On June 18, 2010, Butler filed a Petition for Injunction to permanently enjoin the Respondent/Appellant, Justin Jones ex rel., State of Oklahoma ex rel., Oklahoma Department of Corrections (hereinafter "Department") from requiring him to continue registering under SORA.
He argued requiring him to register violates his rights to equal protection of the laws and to due process of law "under the Constitutions of the United States, Amendments V and XIV, and of the State of Oklahoma, Art. 2, §§ 2 and 7, and Article 5, § 59."

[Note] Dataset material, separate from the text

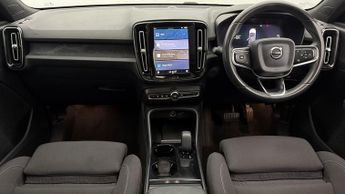 Volvo C40 RECHARGE CORE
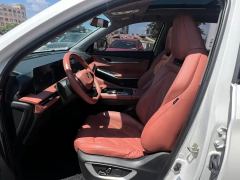 Changan CS75 PLUS Gen 3 1.5T Luxury Edition - фото 4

His main and most developed argument is his equal protection challenge. He alleged 57 O.S., § 582 (E) violates his right to equal protection because it treats persons with expunged records in Oklahoma differently from persons whose records were expunged in other states. Subsection E of § 582 was added in 2009 and provided:
E. The provisions of the Sex Offenders Registration Act shall not apply to any such person who has received a criminal history records expungement for a conviction in another state for a crime or attempted crime which, if committed or attempted in this state, would be a crime or an attempt to commit a crime provided for in any said laws listed in subsection A of this section. 2009 Okla. Sess. Laws c. 404, § 2 (eff. Nov. 1, 2009).Butler also asserted § 582 (E) offended Article 5, § 59 of the Oklahoma Constitution which concerns special laws and he is being denied due process of the law available to persons whose criminal history records were expunged in other states. He asserted there is no legitimate state purpose for denying Oklahoma defendants in deferred sentence cases the same privilege as that accorded to citizens of Oklahoma whose criminal history records were expunged in any of the other states.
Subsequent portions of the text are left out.